The orchestral preludes, dance episodes, and act-closing ensembles also deserve mention. Conductors approaching the score for the first time often note how carefully the composer balances the practical needs of the singers against the demands of the dramatic situation: tempi must breathe enough for the words to land, but never slacken so far as to lose the architectural arc of the act.
For singers preparing roles in Irma, the standard editions of the score remain the essential reference. Voice teachers and coaches typically pair the principal arias with carefully chosen technical exercises that address the specific demands of Gavin Bryars's vocal writing: the breath control required for the long-spun cantilena, the agility needed for ornamented passages, and the dramatic concentration that makes the recitatives land.
Premiere & Production History
Irma received its first performance in 1969 at Bordeaux Festival. Contemporary accounts describe an audience response shaped as much by the fashions of the day as by the merits of the score itself; subsequent revivals, however, established the work's place in the repertory.
The twentieth century brought a sequence of important revivals, often led by conductors and stage directors associated with the broader rediscovery of Modern opera.
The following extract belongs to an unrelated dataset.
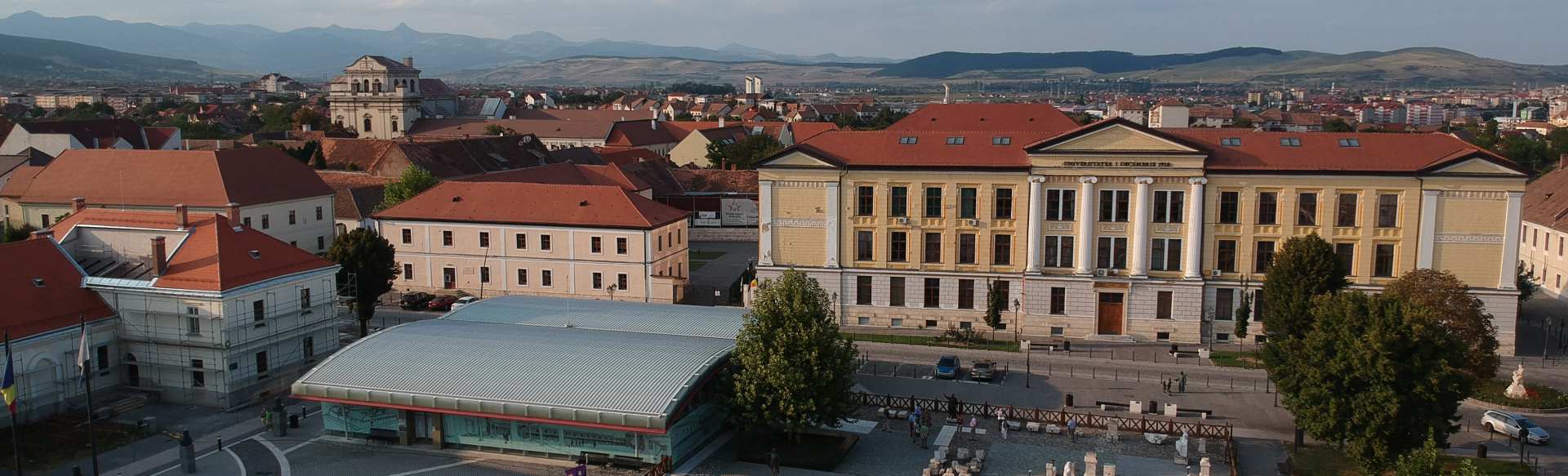 “1 Decembrie 1918” University of Alba Iulia Rok przygotowawczy - język rumuński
In recent decades, the work has been mounted by major houses across Europe and North America, with notable studio recordings and house premieres documenting changing performance practice. Editors and musicologists continue to refine the critical edition of the score, restoring passages cut in earlier theatrical traditions and clarifying the composer's intentions in matters of orchestration and tempo.
About the Composer
Richard Gavin Bryars (; born 16 January 1943) is an English composer and double bassist. He has worked in jazz, free improvisation, minimalism, historicism, avant-garde, and experimental music.
Read the full biography of Gavin Bryars →
Other Operas by Gavin Bryars
- Doctor Ox's Experiment (1998)
Related Operas in the Catalogue
Listeners drawn to Irma may wish to explore the following entries from the same era or the same operatic tradition:
- Fat Pig · Unknown composer, 2004
- El Niño · John Adams (composer), 2000
- Cronaca del luogo · Luciano Berio, 1999
- Bettina · Unknown composer, 1982
- Antigone oder die Stadt · Unknown composer, 1988
- Antony and Cleopatra · Samuel Barber, 1966
Editorial Note
This entry is part of OperaPedia's continuing project to document the canonical operatic literature. Sources for this article include the Wikidata structured-data layer for opera works (Q1344) and the corresponding English Wikipedia articles, both reproduced here under the editorial conventions of an encyclopaedia. Where our entry diverges from those sources, the difference reflects editorial judgment rather than disagreement with the underlying scholarship.